Cahaya pagi Bangkok menerangi kamar vip itu, tirai sudah terbuka dari tadi, sang kekasih dari penulis itu sengaja membukanya cukup lebar untuk melihat suasana kota dengan sebutan Krung Thep ini, yeah kota para bidadari. Tanpa menelusuri makna tersebut, pemandangan penuh kesibukan dapat dilihat dari ruangan spesial ini, bangunan tinggi dan rendah menjadi pusat perhatian siapapun yang berdiri di balik kaca nan transparan. Becca berdiri di sana, namun sekarang tidak, matanya tak melihat kota rapat itu, anak Armstrong ini sedang melihat pemandangan langit yang tampak cerah. Juga, sesekali matanya mengintip matahari pagi, namun menghindar dengan cepat karena cukup menyilaukan.

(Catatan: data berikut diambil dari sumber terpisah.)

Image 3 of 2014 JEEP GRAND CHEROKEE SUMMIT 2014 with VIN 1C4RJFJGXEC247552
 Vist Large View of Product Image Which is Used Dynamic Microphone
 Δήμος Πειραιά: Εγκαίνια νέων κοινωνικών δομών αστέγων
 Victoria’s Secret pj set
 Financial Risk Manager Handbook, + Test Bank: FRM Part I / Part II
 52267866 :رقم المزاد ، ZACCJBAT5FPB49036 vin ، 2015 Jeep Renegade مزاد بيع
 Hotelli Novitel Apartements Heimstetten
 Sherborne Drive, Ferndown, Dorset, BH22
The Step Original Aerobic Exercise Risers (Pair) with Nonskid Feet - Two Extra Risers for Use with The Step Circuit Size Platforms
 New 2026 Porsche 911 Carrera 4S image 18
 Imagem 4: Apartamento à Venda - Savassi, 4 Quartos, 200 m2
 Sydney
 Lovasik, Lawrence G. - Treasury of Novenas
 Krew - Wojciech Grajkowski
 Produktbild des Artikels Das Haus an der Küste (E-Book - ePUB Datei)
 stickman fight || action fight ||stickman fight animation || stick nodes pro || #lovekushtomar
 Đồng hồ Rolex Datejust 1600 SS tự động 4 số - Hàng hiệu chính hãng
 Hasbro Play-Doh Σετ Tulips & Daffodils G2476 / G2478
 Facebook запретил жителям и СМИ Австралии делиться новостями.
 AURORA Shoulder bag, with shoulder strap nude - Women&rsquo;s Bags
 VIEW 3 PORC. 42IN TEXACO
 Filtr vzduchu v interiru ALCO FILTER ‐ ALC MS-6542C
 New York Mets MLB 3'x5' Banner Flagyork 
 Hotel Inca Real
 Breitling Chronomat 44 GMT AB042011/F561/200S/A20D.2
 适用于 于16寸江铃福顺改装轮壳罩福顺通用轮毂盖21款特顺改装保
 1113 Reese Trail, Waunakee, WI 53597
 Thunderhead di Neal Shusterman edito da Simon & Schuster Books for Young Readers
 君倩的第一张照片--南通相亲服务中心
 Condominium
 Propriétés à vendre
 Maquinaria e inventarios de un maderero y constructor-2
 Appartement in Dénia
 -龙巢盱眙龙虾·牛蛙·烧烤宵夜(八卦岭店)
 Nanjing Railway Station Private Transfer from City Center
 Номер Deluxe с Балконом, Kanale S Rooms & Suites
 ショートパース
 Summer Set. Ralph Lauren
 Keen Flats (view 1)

Becca menghirup napas pelan dan menghembuskannya, dia memeluk dirinya sendiri sambil menantang sinar pagi hari itu. Yeah, calon dokter ini baru saja mandi dan sekarang dia ingin menghangatkan diri. Tatapannya masih saja mencari awan yang tak kunjung muncul, hingga suara wanita yang dia cintai terdengar dari belakangnya. "Vitamin D, huh?" Suara Freen sedikit serak, tipikal suara pagi.
Becca berbalik dan tersenyum lebar, dia senang Freen akhirnya bangun. Dalam sekejap dia mendekati sang kekasih, duduk di sisi tempat tidur, lalu memberi ciuman kening. "Selamat pagi, babe." Riang, calon dokter menyapa wanitanya dengan tatapan hangat.
Freen tertawa kecil merasakan sapaan hangat itu, lalu dia menoleh ke arah kaca lebar, dan berbalik lagi sambil berkata, "Aku kira sudah siang, Bec? Masih pagi ternyata." Dia tidak membalas sapaan pagi Becca.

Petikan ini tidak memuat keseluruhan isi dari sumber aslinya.